Nahrung in der Natur:
Sie besteht nach BOLEN und FORSYTH (1967) in Südtexas zu 92% aus Vegetabilien wie Getreide, Gräser und Wildhirse und zu 8% aus Kleintieren, vorwiegend Mollusken und Insekten.

Haltung und Zucht:
Annähernd häufig wie die Witwenpfeifgans wird die Rotschnabelpfeifgans seit Mitte des 19. Jahrhunderts in europäischen Zoos gehalten.
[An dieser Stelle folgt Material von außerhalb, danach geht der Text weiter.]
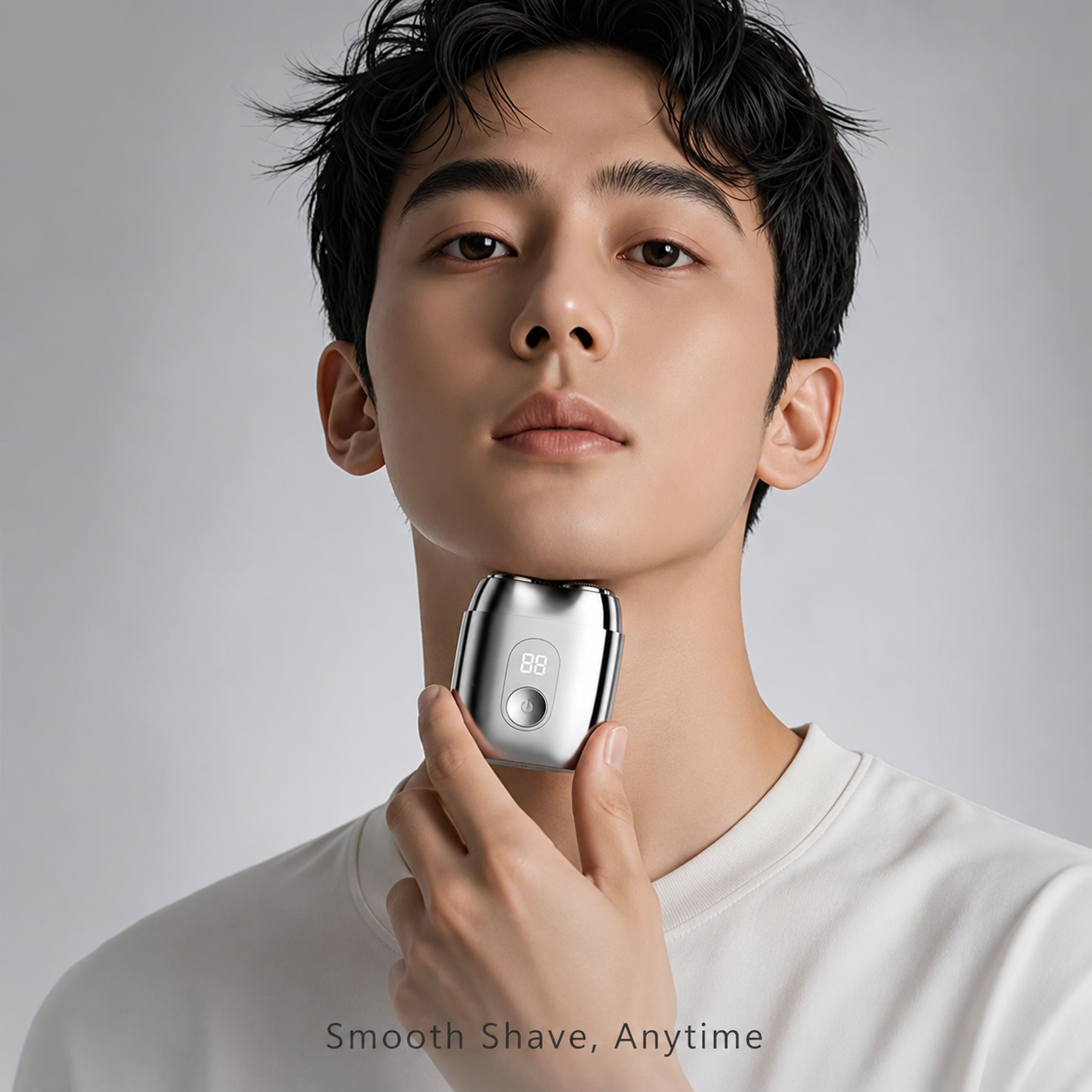 Portable travel electric razor with 360 degree floating heads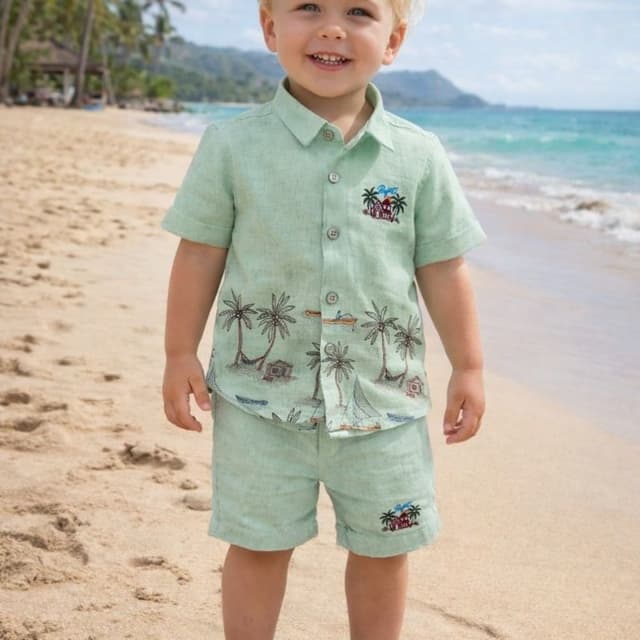 Light Green, Brown, Blue, White Shorts Set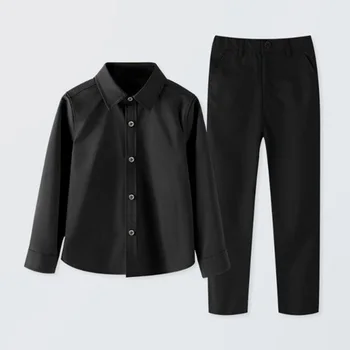 Set di abbigliamento per ragazzi da 4-16 anni Camicia con bottoni a maniche lunghe + Pantaloni da completo Completi per spettacoli per feste di compleanno per bambini Set di vestiti per bambini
Wohl zu jeder Zeit wurde überwiegend die südliche Form importiert, die auch heute noch leichter züchtbar ist als die nördliche.
Rotschnabelpfeifgänse sind temperaturempfindlicher als andere Pfeifgänse und relativ streitsüchtig. Ihre Pflege empfiehlt sich in großen Anlagen.
Die dürftigen Zuchterfolge bis nach 1960 sind ohne Zweifel auf die bis zu der Zeit nicht möglichen Geschlechtsbestimmungen zurückzuführen. Heute können durch Kloakentests gezielt Paare zusammengestellt werden, die meist eine große Nachkommenschaft erzeugen. Die Eiablage erfolgt in Nistkästen; Legebeginn im Wildfowl Trust von der südlichen Form ab 20.März, von der nördlichen selten vor Mitte Mai. Nachgelege sind die Regel.
Die Kükenaufzucht, mit Eltern oder unter der Wärmelampe, bereitet keine Probleme.Die befiederung beginnt am 21.Tag an Schultern und Flanken und ist mit   50 - 56 Tagen im wesentlichen abgeschlossen. Etwa mit 60 Tagen sind die Junggänse flugfähig. Bald danach färben sich der Schnabel und die Füße rötlich. Die Geschlechtsreife tritt gegen Ende des zweiten Lebensjahres ein.